In addition, “Trump’s Plan” combines the goal of ending the war in the Gaza Strip with post-war arrangements within a unified framework—thus moving beyond the three-phase model that characterized most previous proposals, particularly “Biden’s Plan.” This peace plan begins with an immediate ceasefire, followed by Hamas’s release of all Israeli detainees held in the Gaza Strip (both living and deceased) within 72 hours.

This step serves as the cornerstone for implementing the remaining provisions. The first step is to be followed by Israel’s release of 250 Palestinians serving life sentences, in addition to 1,700 residents of Gaza who were arrested after October 7, 2023. For every hostage released, Israel will release the remains of 15 Palestinians from Gaza. The plan also stipulates the entry of humanitarian aid—to be delivered through the United Nations, its agencies, and the Red Crescent—in quantities meeting at least the minimum levels agreed upon in the January 19 multi-phase ceasefire and hostage deal that was broken by renewed Israeli airstrikes on March 18.

Regarding post-war arrangements, the new plan excludes any role for Hamas in governing the Gaza Strip but grants amnesty to every member who commits to peaceful coexistence and disarmament. It also provides safe passage for those members wishing to leave Gaza and reside in host countries.

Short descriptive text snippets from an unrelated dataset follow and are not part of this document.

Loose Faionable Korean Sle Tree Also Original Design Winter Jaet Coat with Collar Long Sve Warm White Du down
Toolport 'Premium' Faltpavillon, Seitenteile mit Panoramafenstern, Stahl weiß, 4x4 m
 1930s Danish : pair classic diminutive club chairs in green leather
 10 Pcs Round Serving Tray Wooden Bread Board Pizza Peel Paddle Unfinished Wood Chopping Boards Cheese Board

This plan includes conditions for the surrender of weapons and the destruction of all military infrastructure, including tunnels and weapons production facilities. As an alternative to Hamas’s rule, the plan proposes the establishment of a non-political Palestinian technocratic committee and an International Peace Council composed of global leaders.

It also calls for the deployment of a temporary International Stabilization Force (ISF) to support newly trained Palestinian police forces in parallel with the gradual, three-phase withdrawal of the Israeli army until it is repositioned within the buffer zone.

If Hamas rejects the plan, Israeli military operations will continue with U.S. support as the plan is implemented partially in areas under Israeli army control, which will be handed over to the temporary ISF. Those areas will see an expansion of aid distribution operations alongside reconstruction projects.

Context and Timing

“Trump’s Plan” was aligned with the battlefield context of the war and shaped by regional and international demands—both official and popular—for an end to the fighting. On one hand, the plan’s contents directly reflect the outcomes of Israeli military operations, specifically the two versions of “Operation Gideon’s Chariots” which the Israeli government and military promoted as the final phase of the war and which are closely linked to the contours of the post-war period: ending Hamas’s control and establishing an alternative Israeli military governance structure.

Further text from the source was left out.